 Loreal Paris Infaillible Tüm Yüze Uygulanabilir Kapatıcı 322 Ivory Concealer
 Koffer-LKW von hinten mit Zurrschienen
--
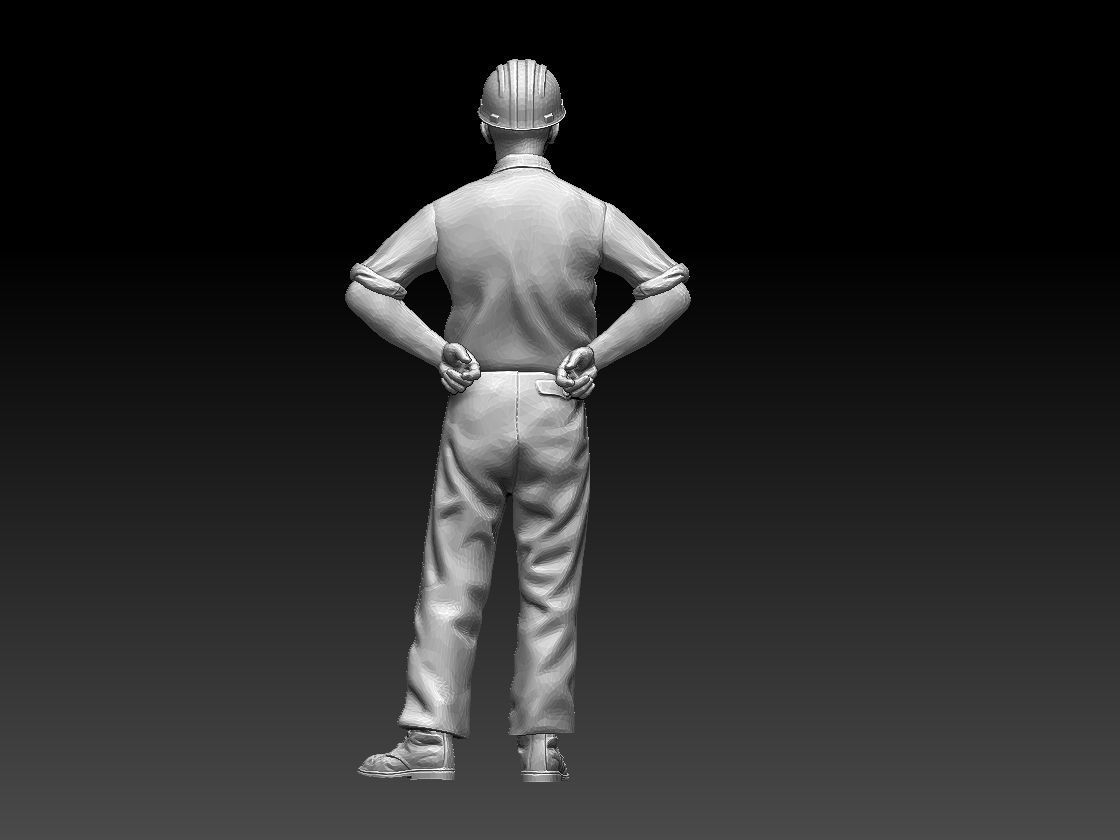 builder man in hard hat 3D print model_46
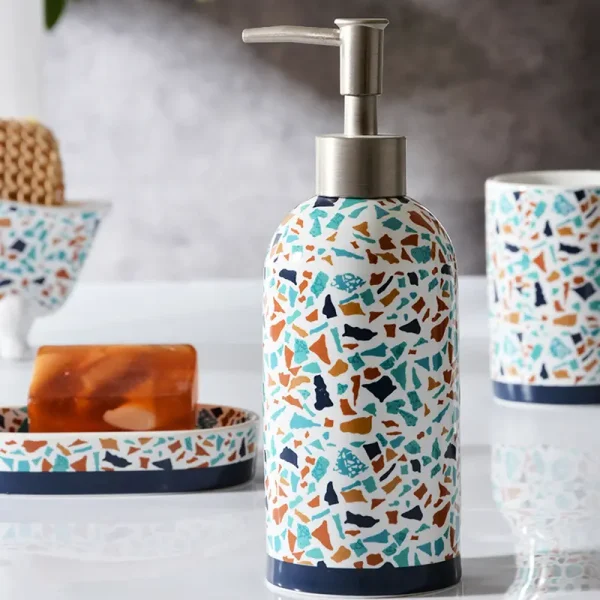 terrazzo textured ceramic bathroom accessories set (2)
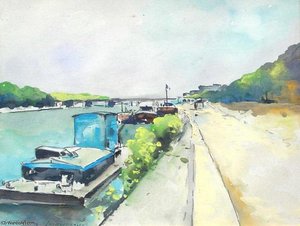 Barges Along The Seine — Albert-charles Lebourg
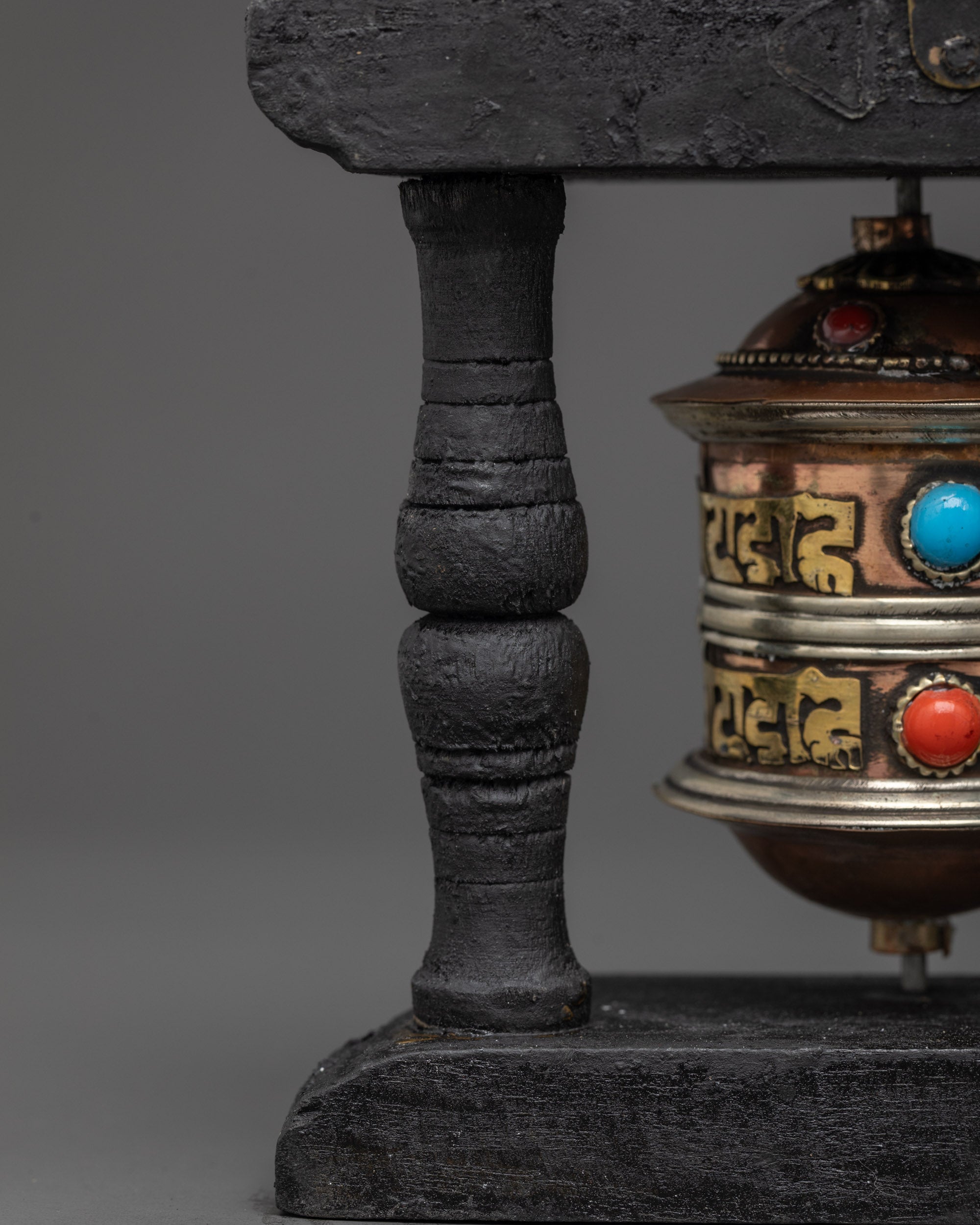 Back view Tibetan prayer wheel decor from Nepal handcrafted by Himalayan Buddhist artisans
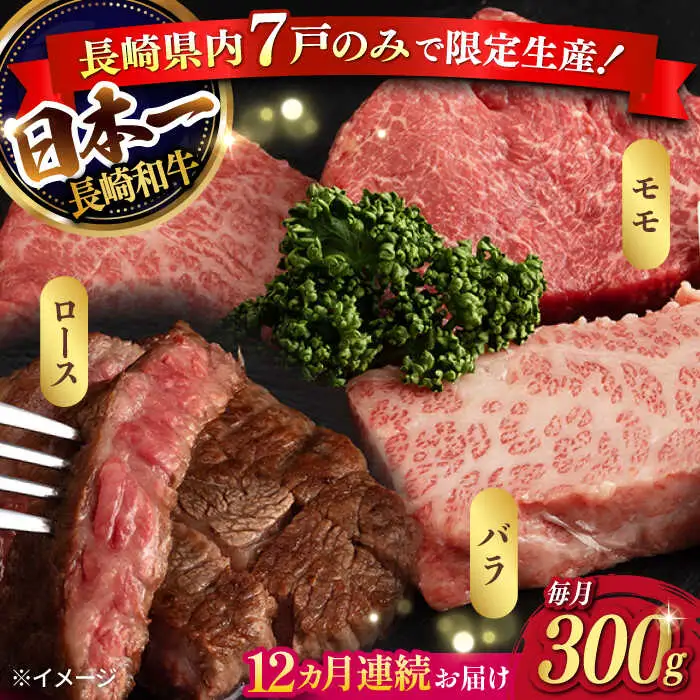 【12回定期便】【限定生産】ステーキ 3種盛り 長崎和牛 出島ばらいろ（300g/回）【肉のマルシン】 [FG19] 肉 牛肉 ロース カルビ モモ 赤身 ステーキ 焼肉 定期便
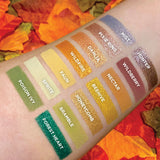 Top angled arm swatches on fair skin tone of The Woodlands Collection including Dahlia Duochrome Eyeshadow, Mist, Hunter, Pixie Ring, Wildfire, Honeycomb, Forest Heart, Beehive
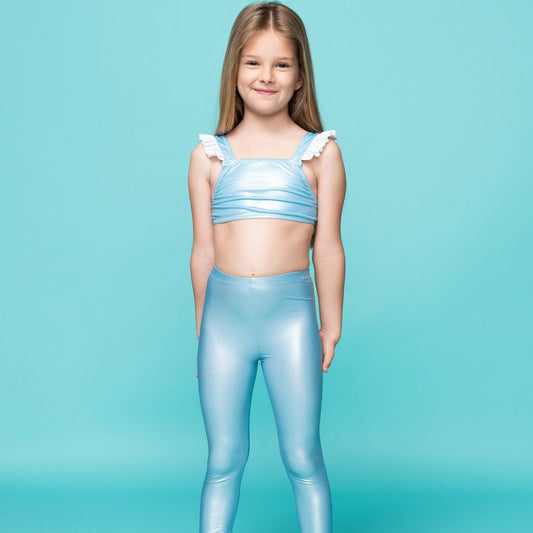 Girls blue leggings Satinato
...
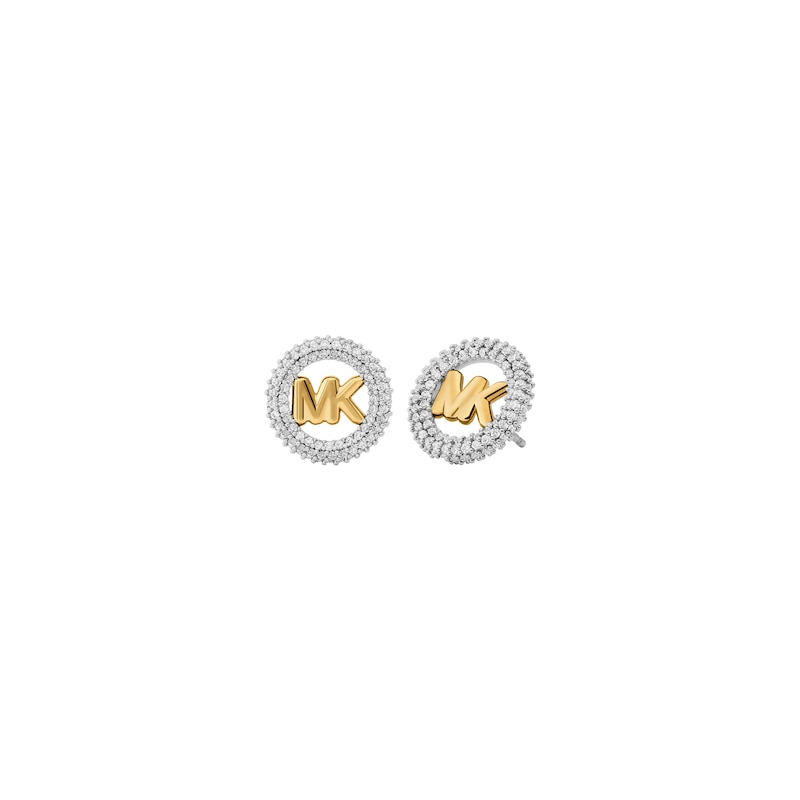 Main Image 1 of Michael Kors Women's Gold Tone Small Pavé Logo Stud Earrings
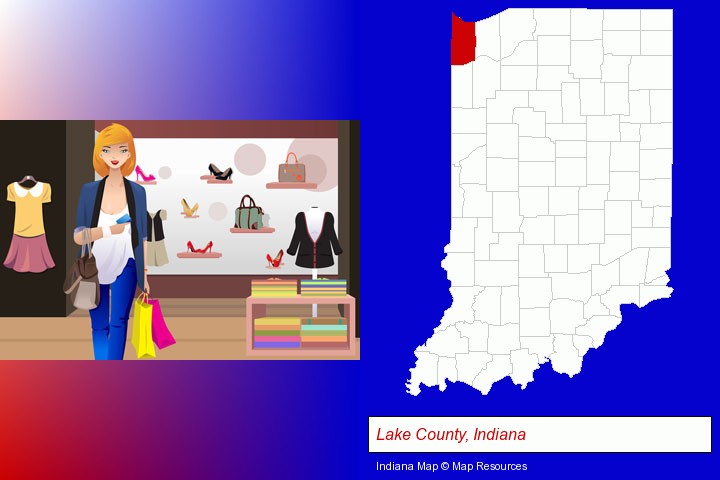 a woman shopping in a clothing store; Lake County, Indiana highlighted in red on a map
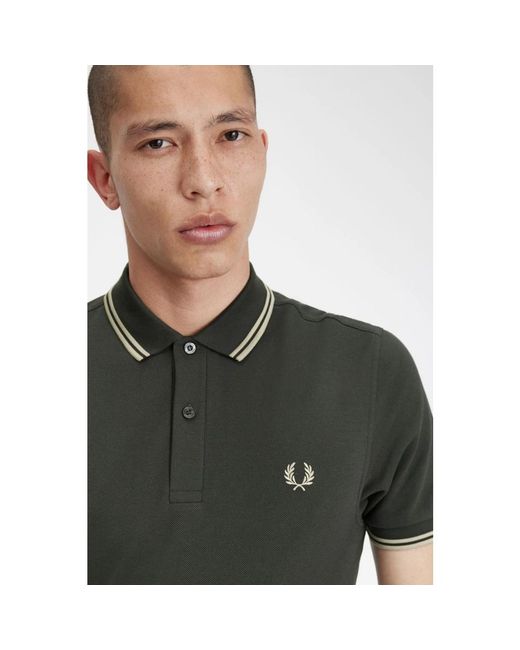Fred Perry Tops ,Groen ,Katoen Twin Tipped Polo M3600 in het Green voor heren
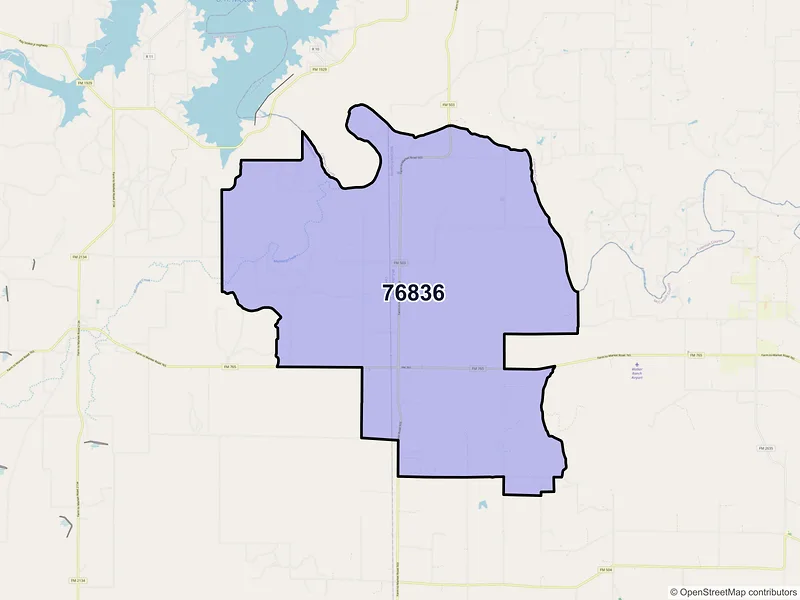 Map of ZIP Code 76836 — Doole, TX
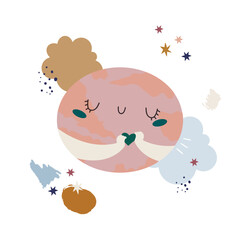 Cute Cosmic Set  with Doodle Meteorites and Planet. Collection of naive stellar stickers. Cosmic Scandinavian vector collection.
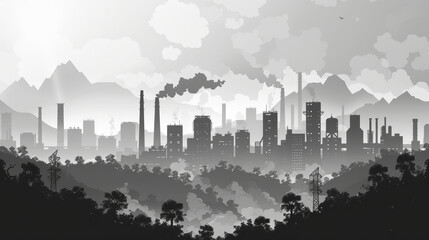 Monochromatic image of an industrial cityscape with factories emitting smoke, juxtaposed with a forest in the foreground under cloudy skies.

TASK DIRECTIONS: Would you please write out, exactly and with no other lines, the stretch of the listing above from the line containing "Loreal Paris Infaillible" through the line containing "Koffer-LKW von hinten mit Zurrschienen"?

ANSWER SPACE:
 Loreal Paris Infaillible Tüm Yüze Uygulanabilir Kapatıcı 322 Ivory Concealer
 Koffer-LKW von hinten mit Zurrschienen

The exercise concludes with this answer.